Either terms of positions, or dollars.
What I will tell you is that there will be some severance and some fixed asset write-offs, probably about half of it will be non-cash when we do give you the figures.
- CEO
Rob, let me just jump in and add a couple of comments to your first question, which had to do with rest of the year.
So I think Don explained well that we expect to see a reduction or elimination of these negatives that we saw in Q1.
Coupled with that, there are a number of positives I think that are going to continue to work for us.
First of all, as we say, we have good marketing initiatives, and we're planning an increase in consumer-directed marketing this year.
Second of all, yogurt, which has been a drag for the last couple years, is going to be a positive as we go forward.
We're quite encouraged by what we're seeing there.
And then, we feel -- we like the start, in spite of the comment that we made about China, we do like our start in international.
Especially in Canada and Western Europe, which are our biggest markets.
We like what's happening there, and we also like what we're seeing in that convenience and food service business, which is off to a very strong start.
So we see a number of positives that are going to continue to press for us here over the course of the year.
And then, as Don said, we have very good control of costs and overheads, better than planned, and that will continue.
So I think those are kind of the way we're looking at the balance of the year.
- Analyst
But is it fair to say that the US retail mid-single-digit profit growth maybe you're going to be a little bit below that.
But it could be made up for by stronger international and convenience stores, or are you maintaining the segment guidance for the year?
- CFO
Yes, Rob.
I think it's fair to say that there's probably going to be a mix shift if you look at how the year started for us.
We said we were going to be down in the first-quarter.
We were.
We actually, on the bottom line, weren't materially off our own internal plan.
But we did have some favorable results in convenience, and food service, and international, offset by some weaker than planned results in USRO.
I think those trends will probably have some impact on our full-year outlook for those businesses.
- Analyst
Okay.
Thank you.
Operator
Eric Katzman, General Mills.
- CFO
Eric, welcome to the team.
- Analyst
I have a buy recommendation on it, but I wouldn't go that far.
(laughter)
Okay.
Let's talk a little bit about sales to start.
So you've got Annie's, but currency is more of a headwind.
So where do you think dollar reported sales, given the -- in addition the promotion in the first quarter miss, where do you see dollar reported sales coming in using all of the things, including M&A?
- CFO
Well with M&A, it depends obviously when we close Annie's.
What I would tell you is that we signaled that there was a couple cent headwind from a ForEx standpoint on EPS, so let's say round that round that to a 1%.

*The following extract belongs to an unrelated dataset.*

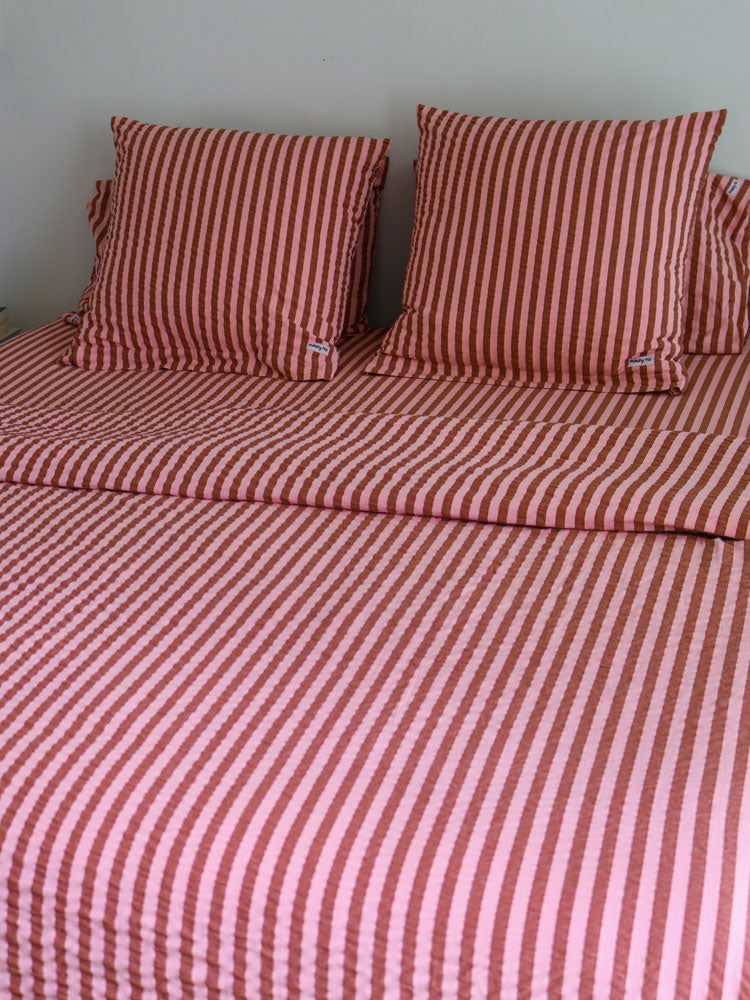 Sundae Seersucker Euro Pillowcase Set  by Mosey Me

You can probably apply that same percent on our net sales if you go look at the reported numbers.
Annie's is a $200 million, it will be more than that by the time we close given its growth rate million dollar business.
And we are projecting to close that this calendar year, so we'll probably get roughly half a year of sales from that business as well.

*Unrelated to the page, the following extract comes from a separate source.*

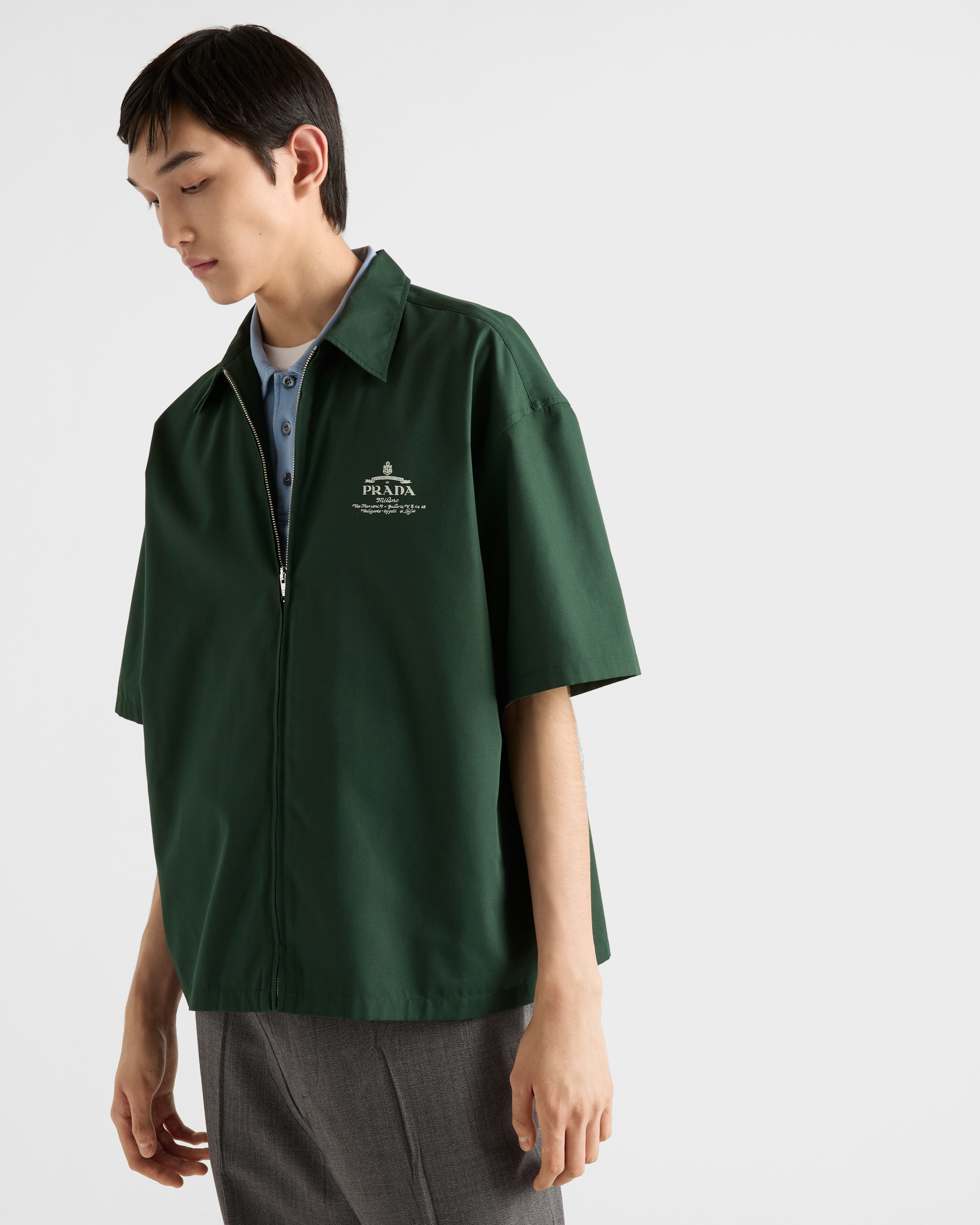 Prada Mens Green Logo-embroidered Zip-up Nylon Shirt Xl In Billiard Green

So add $100 million for Annie's or more, and take off about 1% from ForEx.
On top of the mid single-digit guidance that we've given you on constant currency, that will probably land you in the ballpark.
- Analyst
Okay.
And then I guess the second question has to go with the new products.

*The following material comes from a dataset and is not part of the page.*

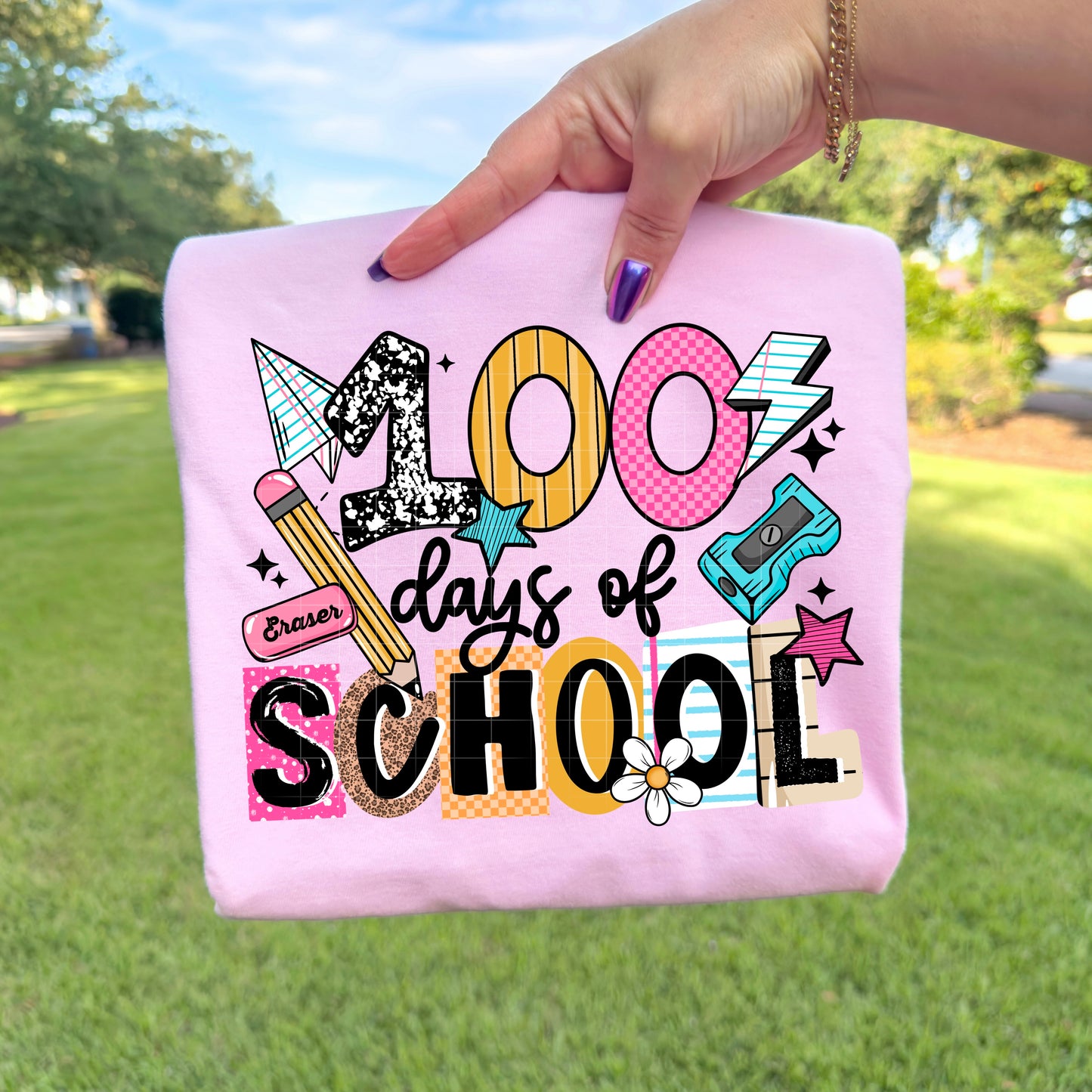 100 Days of School Girly-Ready to Press Transfer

It seemed like you were really emphasizing all the new product launches, both in your last call and at the analyst day.
Ken, you made that point that this year is really all about growth.
Is this first quarter US retail, albeit in a very tough environment, were the new products not as successful as you would have hoped initially?
Or was it just promotion on the core that overwhelmed what is the new product success?
Maybe you could kind of parse that out a bit.
- CEO
We like our new products, lineup, which I commented on in my remarks.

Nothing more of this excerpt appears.